* _Your task_
Return the data exactly, apart from leaving out the pictures.

* _Data for this task_

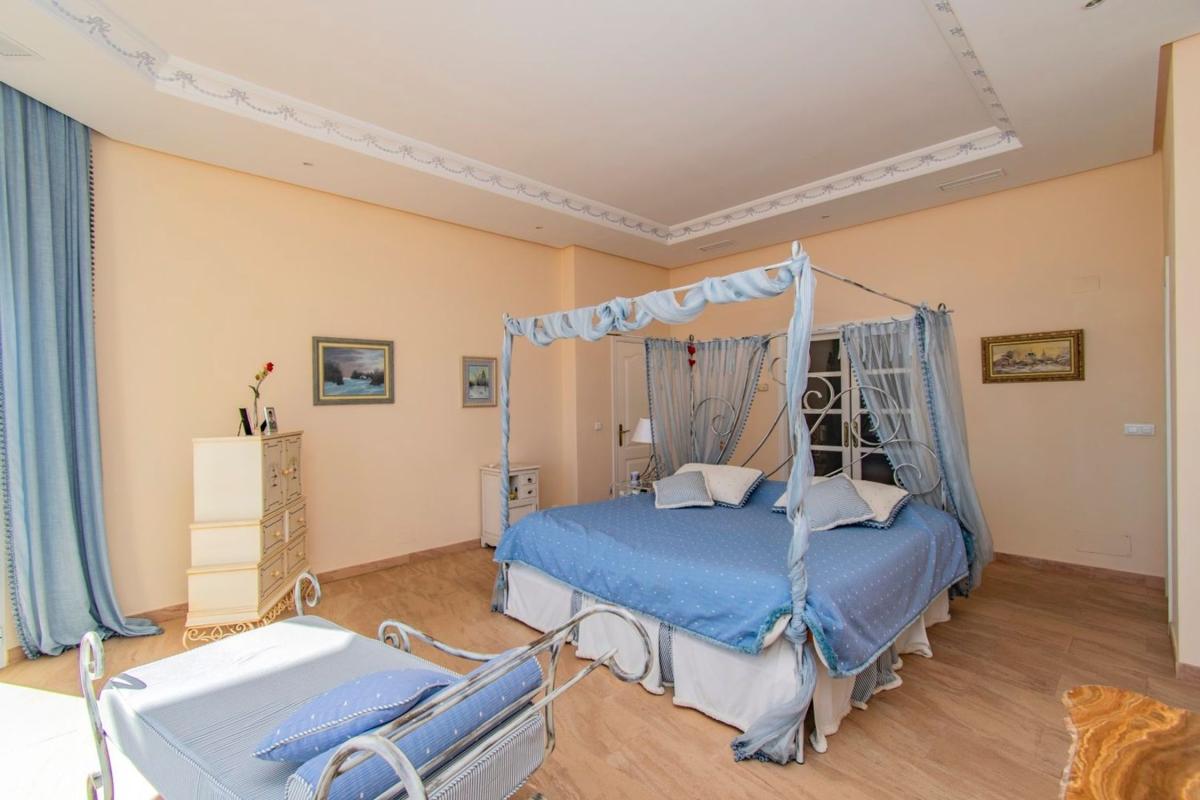 Недвижимость на продажу и в аренду в Испании photo 5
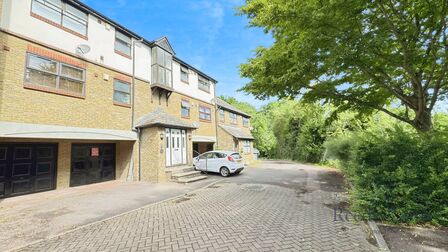 1 bedroom  Flat for sale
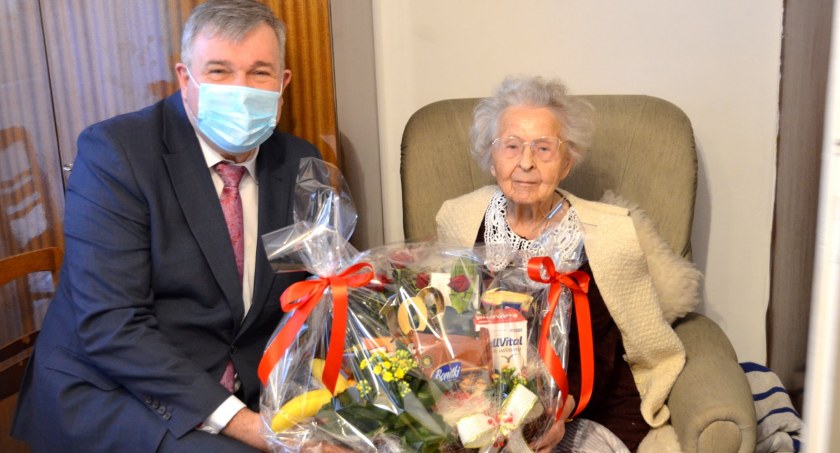 Genowefa Bulczak, jedna z najstarszych mieszkanek Kartuz świętuje 100. urodziny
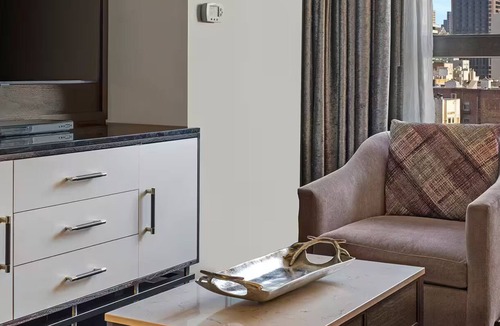 Union Square Apartment | Cozy 1-bedroom hotel suites in serene San Francisco.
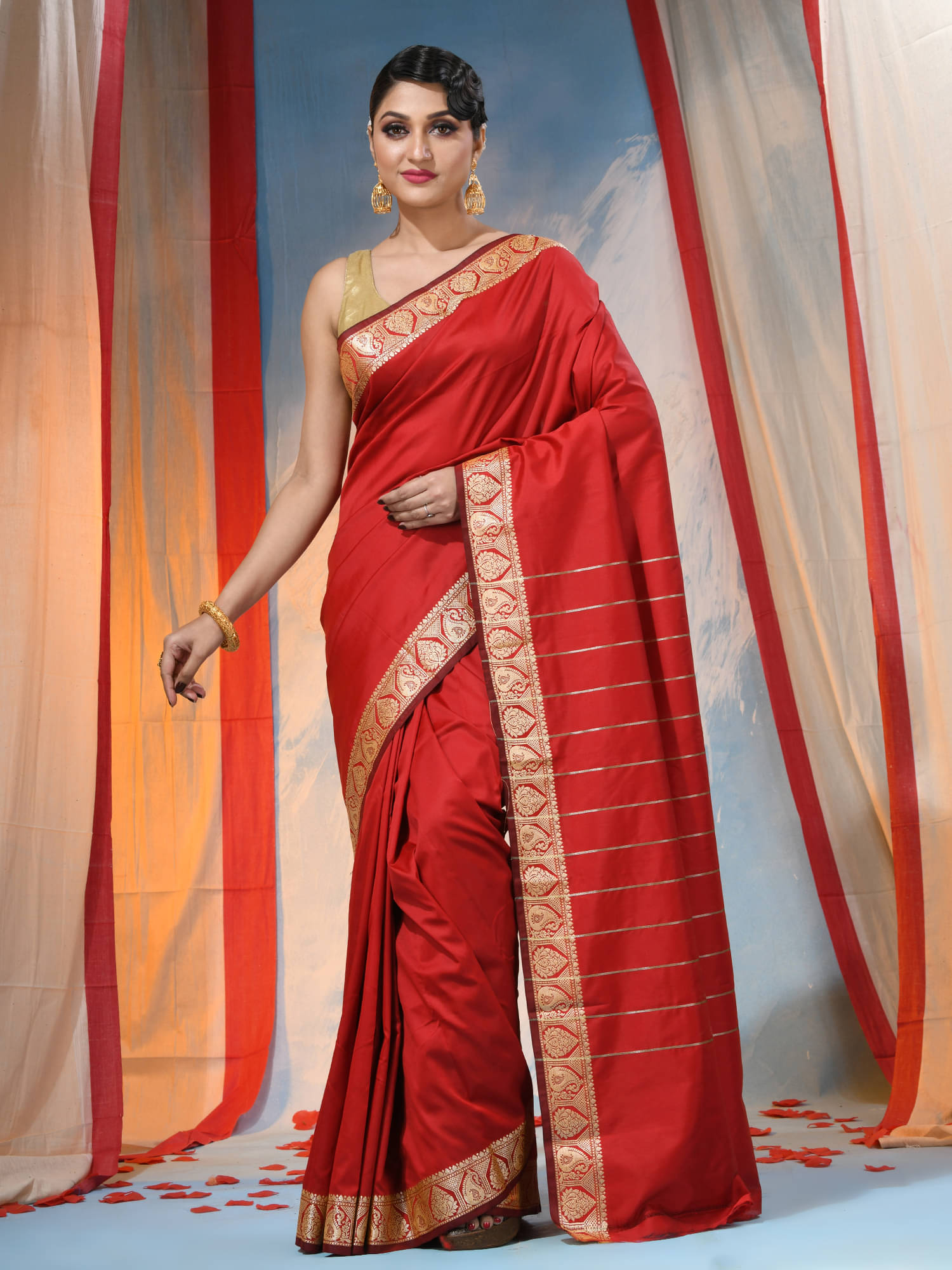     			Desh Bidesh Silk Woven Saree With Unstitched Blouse Piece ( Red )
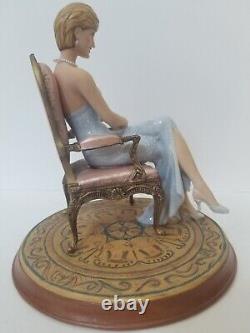 Franklin Mint Princess Diana Porcelain Sitting In Chair (Forever Diana) Limited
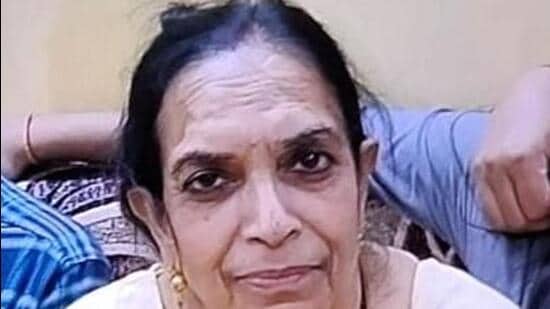 शाहदरा हत्या: मुखवटा घातलेला संशयित पायऱ्यांवरही दिसला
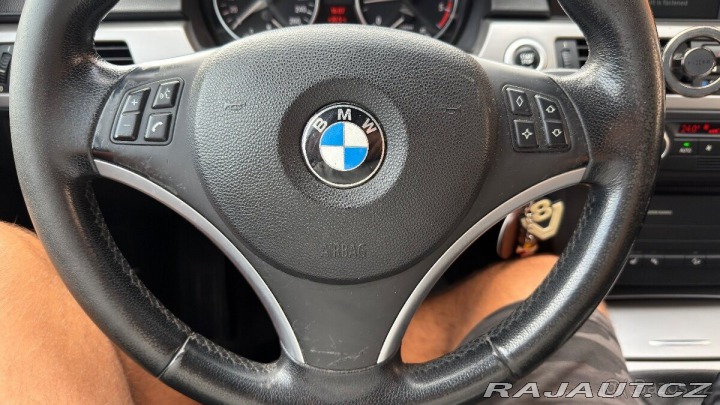 BMW 3 3,0 e90 330xD 1800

* _Task response_
 Недвижимость на продажу и в аренду в Испании photo 5
 1 bedroom  Flat for sale
 Genowefa Bulczak, jedna z najstarszych mieszkanek Kartuz świętuje 100. urodziny
 Union Square Apartment | Cozy 1-bedroom hotel suites in serene San Francisco.
     			Desh Bidesh Silk Woven Saree With Unstitched Blouse Piece ( Red )
 Franklin Mint Princess Diana Porcelain Sitting In Chair (Forever Diana) Limited
 शाहदरा हत्या: मुखवटा घातलेला संशयित पायऱ्यांवरही दिसला
 BMW 3 3,0 e90 330xD 1800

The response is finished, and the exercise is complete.